For decades, the dozens of hulking retired military ships bobbing in the Suisun Bay marked one of the San Francisco Bay Area's most unusual and unexpected sights. Its official name was the Suisun Bay Reserve Fleet, created by the U.S. Maritime Administration following World War II to serve as potential backups for national defense. To locals, it was simply the Mothball Fleet or The Ghost Fleet.
"The scale of it was quite impressive," said Ronn Patterson, who used to take tours to see the fleet aboard his Dolphin Charter cruises. "Just the number of ships was quite impressive."
At its high point, nearly 100 ships floated off the Benicia shoreline -- like massive museum pieces of military history. Its ranks included the tugboat Hoga, which raced to save soldiers and burning ships in the attack on Pearl Harbor. There was the USS Iowa, a WWII warrior that once carried President Franklin D. Roosevelt.
"Every ship was like a little textbook of history," Patterson said.
But following an environmental lawsuit in 2007, this once massive fleet has become a ghost itself. Only three of the original ships remain -- and soon they will be gone too.
"We discovered based on a government study, that vessels were putting about 20 tons of pollution into the bay," said Sejal Choksi-Chugh, executive director of BayKeeper which was among the environmental groups that sued the government over the ships' pollution.
Choksi-Chugh said paint chips from the decaying ships were flaking off into the Suisun Bay causing a hazard to fish and wildlife. As a result of the suit, Choksi-Chugh said the government began a program to regularly clean the ships.

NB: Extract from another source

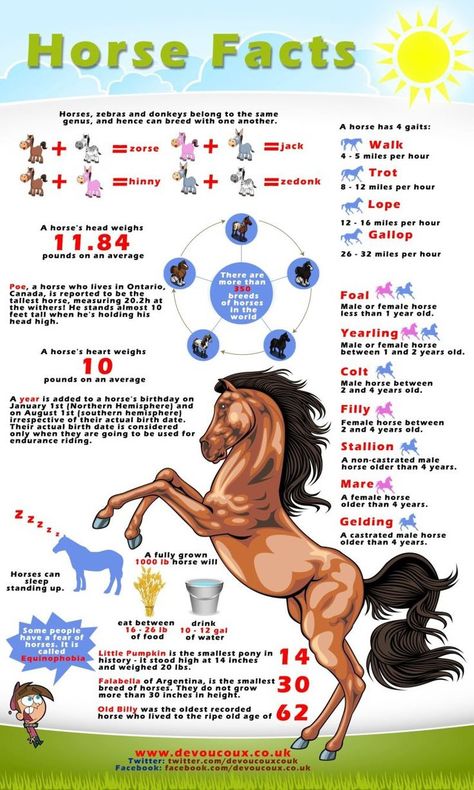 Horse Facts Interesting Facts About Horses, Horse Camp Ideas, Facts About Horses, Horse Lessons, Horse Information, Horse Knowledge, Horse Care Tips, Horse Facts, Horse Riding Tips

Even more significantly, it began removing the ships from Suisun Bay one by one -- towing them to industrial yards at nearby Mare Island and Brownsville, Texas, for scrapping.
"The Ghost Fleet of Suisuin Bay was pretty much an iconic tourist attraction," said Choksi-Chugh during a recent boat trip to visit the remaining ships. "It's too bad they were heavily polluting our San Francisco Bay."
Some of the ships survived to tell their tale. The Hoga was put on display at the Arkansas Inland Maritime Museum. The USS Iowa became a floating museum at the Pacific Battleship Center in San Pedro, California. But most were unceremoniously dismantled and scrapped.
"I miss being able to talk about them because they were quite interesting," said Patterson, who curtailed trips to the fleet when their numbers dropped to a mere smattering.
On a recent day, Navy veteran Russ Munn leaned against the railing of the public marina in Martinez, craning to see the remaining ships floating off in the distance. He described the flotilla of retired vessels as sacred grounds for his fellow veterans.
"With my binoculars I could see the ships," Munn said. "I saw a couple of the same kind of ships I served aboard in the 1950s."
The last remaining Ghost Fleet ships include the Cape Breton, the Cape Blanco and the Cape Borda. They were surrounded by a scattering of ships still active as reserve vessels. Coksi-Chugh said the trio of old ships was set to be removed by the end of the coming year, bringing down the curtain on this unusual spectacle of maritime past.
"That's the end of the Ghost Fleet," she said.
Inside his tour boat in the Berkeley Marina, Patterson leafed through a folder filled with stories of many of the Ghost Fleet ships, which he used to read during his tours of the fleet. He closed the binder of papers and drifted off with the memory.
"There were always some amazing ships," Patterson said. "And some that may not have been amazing but were certainly interesting."